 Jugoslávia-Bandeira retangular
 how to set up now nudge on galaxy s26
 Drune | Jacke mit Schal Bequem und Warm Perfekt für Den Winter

■ ■ ■

- **Your task**: Print the material exactly as written, omitting nothing.

- **Completed exercise**:
 Jugoslávia-Bandeira retangular
 how to set up now nudge on galaxy s26
 Drune | Jacke mit Schal Bequem und Warm Perfekt für Den Winter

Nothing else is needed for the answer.